Exercise aim: Go to the line with "Lot 290 - CANARY" in the entries below and write out every line from there through the line with "4 Days Luxury Tanzania Safari", exactly and without pictures.

Data for processing:
= = = =
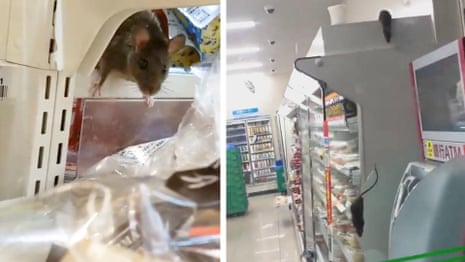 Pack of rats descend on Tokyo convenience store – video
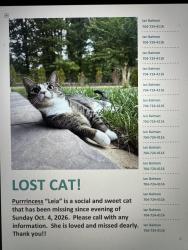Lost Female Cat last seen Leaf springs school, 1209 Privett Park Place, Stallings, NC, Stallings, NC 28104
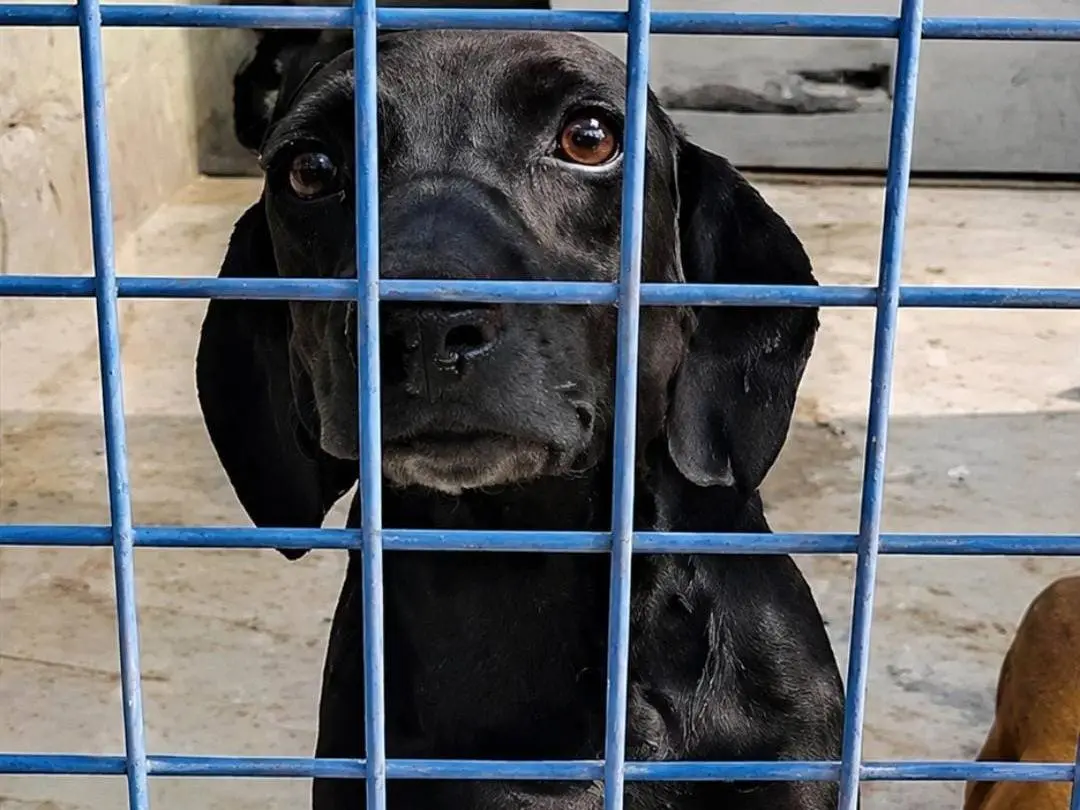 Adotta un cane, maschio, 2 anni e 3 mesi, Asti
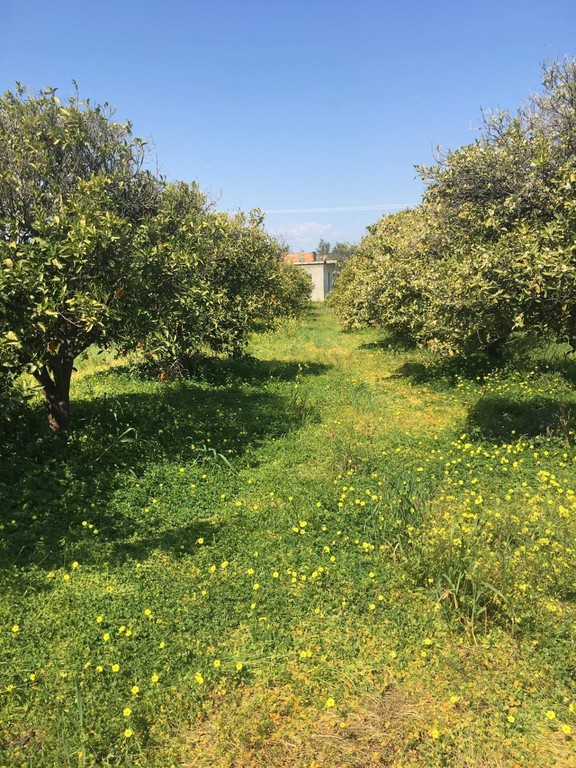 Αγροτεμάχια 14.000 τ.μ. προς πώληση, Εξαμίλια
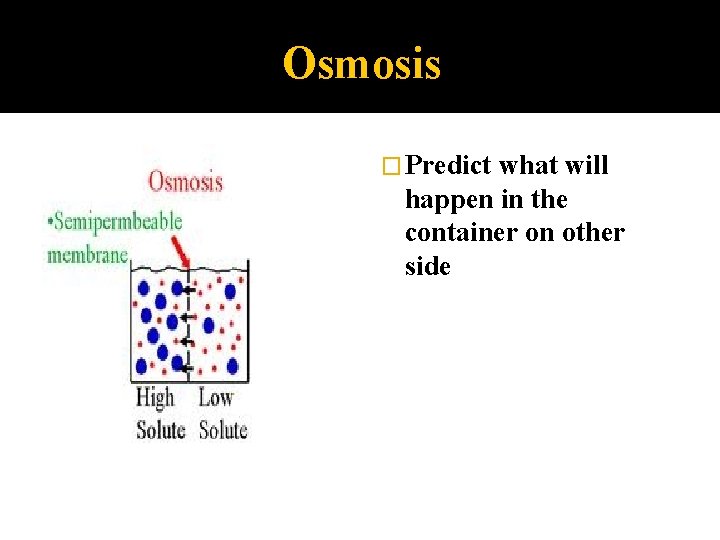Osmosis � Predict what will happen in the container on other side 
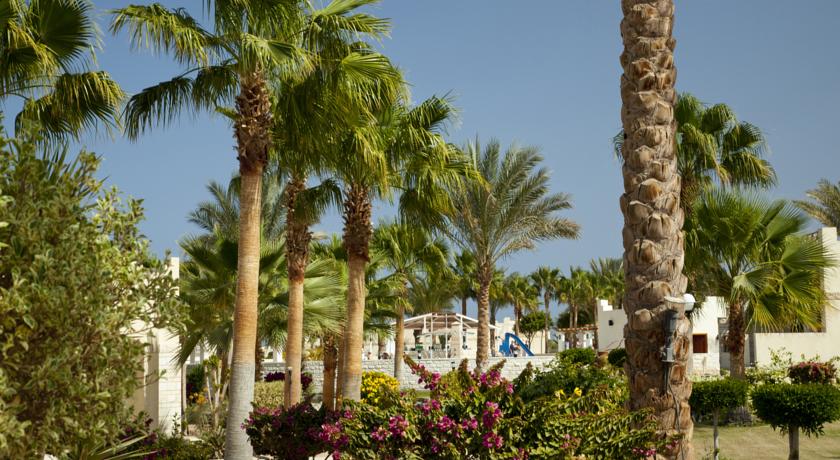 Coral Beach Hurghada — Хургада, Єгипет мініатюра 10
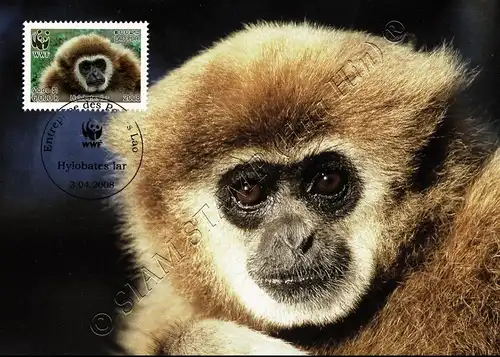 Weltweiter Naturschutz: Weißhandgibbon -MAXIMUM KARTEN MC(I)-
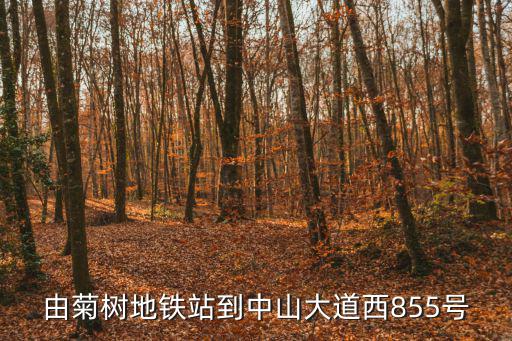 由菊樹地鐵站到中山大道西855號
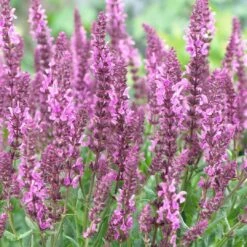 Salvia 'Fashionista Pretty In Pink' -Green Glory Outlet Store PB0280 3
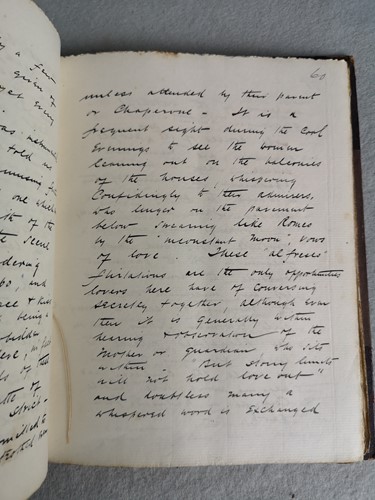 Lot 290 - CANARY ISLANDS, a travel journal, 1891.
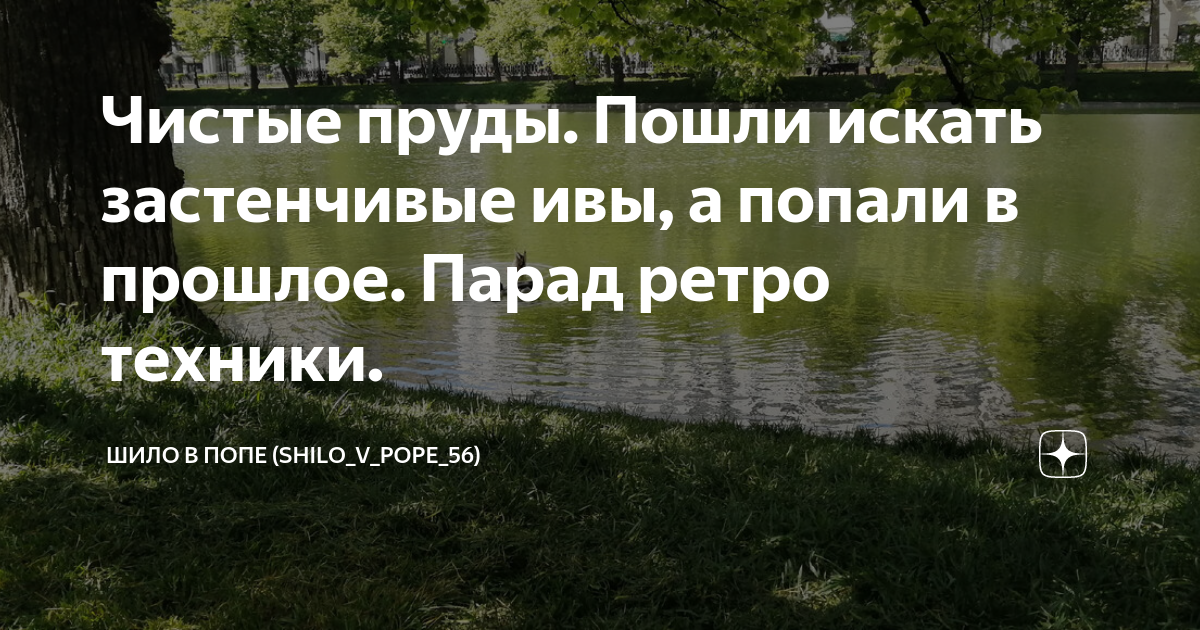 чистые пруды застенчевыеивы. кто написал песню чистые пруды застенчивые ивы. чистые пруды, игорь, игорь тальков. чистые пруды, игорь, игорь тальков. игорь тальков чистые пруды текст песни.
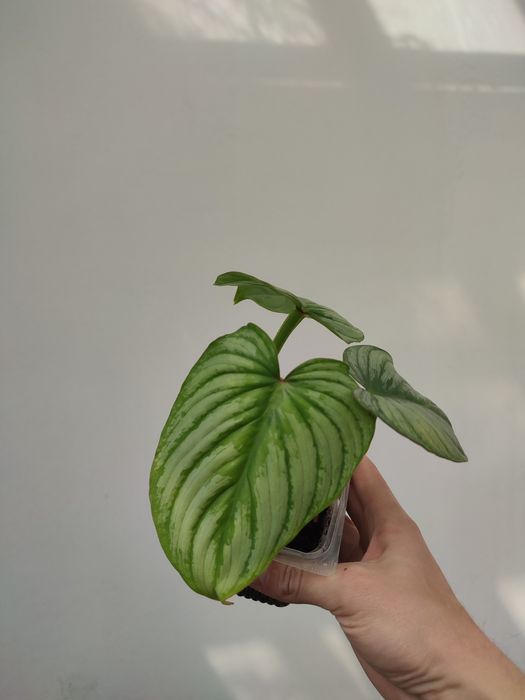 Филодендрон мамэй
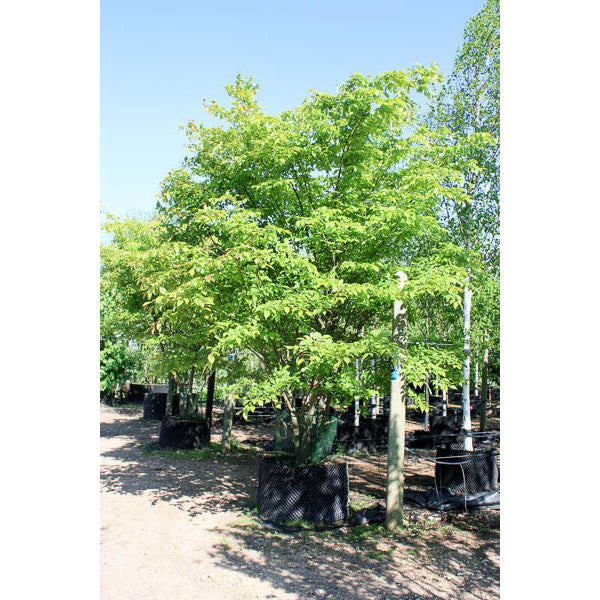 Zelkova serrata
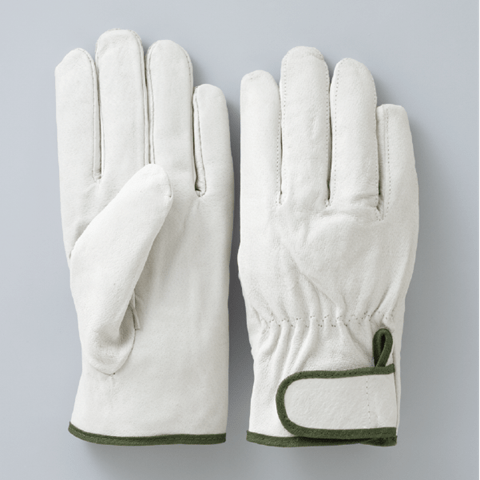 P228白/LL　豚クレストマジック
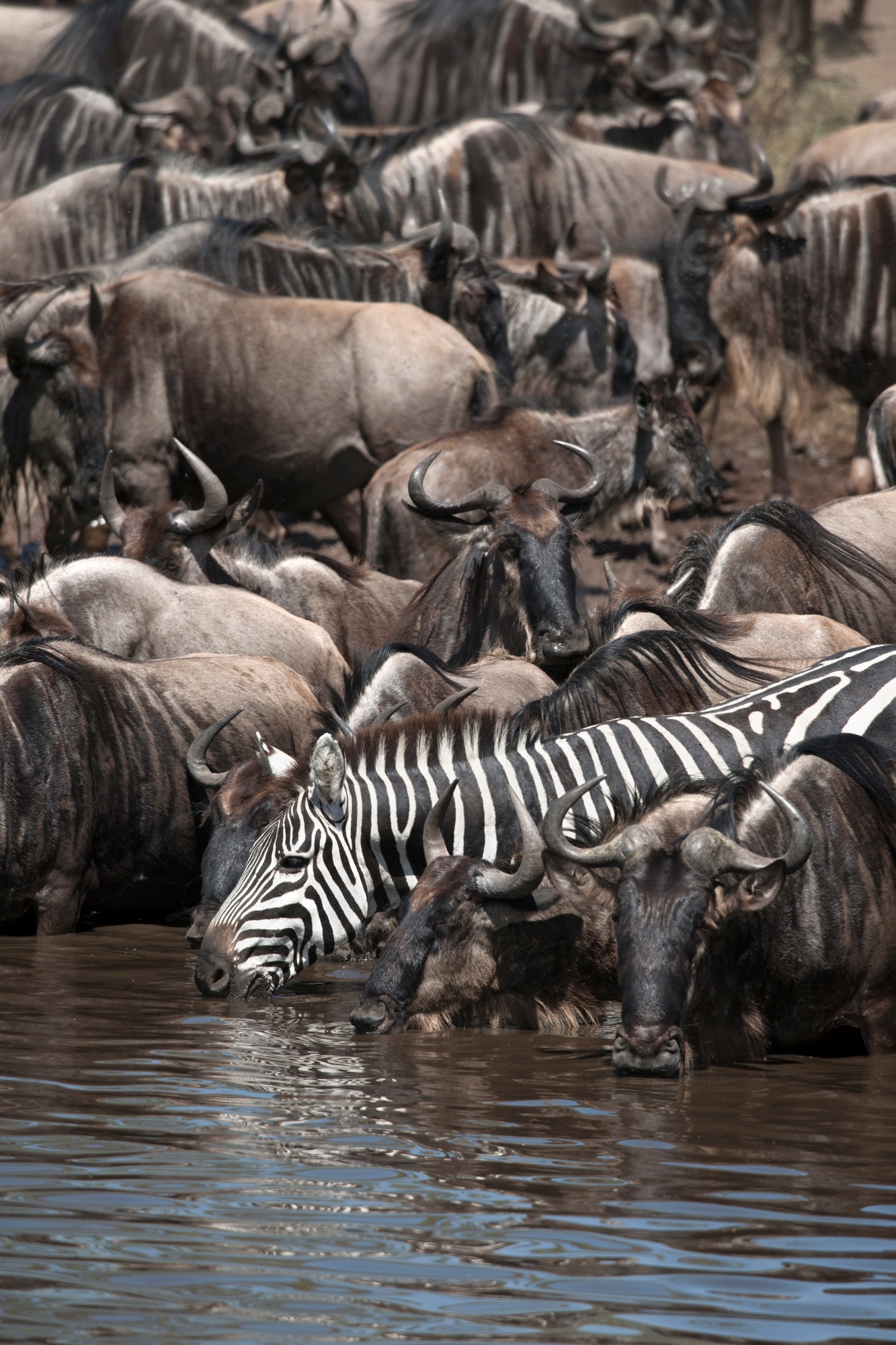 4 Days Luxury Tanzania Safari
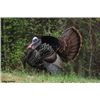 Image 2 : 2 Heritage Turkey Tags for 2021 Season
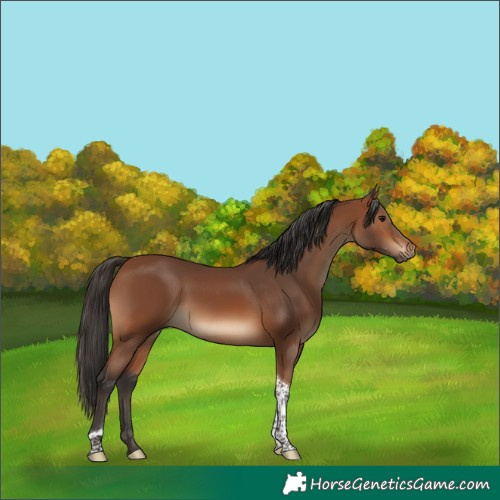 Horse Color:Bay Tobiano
= = = =
Response area:
 Lot 290 - CANARY ISLANDS, a travel journal, 1891.
 чистые пруды застенчевыеивы. кто написал песню чистые пруды застенчивые ивы. чистые пруды, игорь, игорь тальков. чистые пруды, игорь, игорь тальков. игорь тальков чистые пруды текст песни.
 Филодендрон мамэй
 Zelkova serrata
 P228白/LL　豚クレストマジック
 4 Days Luxury Tanzania Safari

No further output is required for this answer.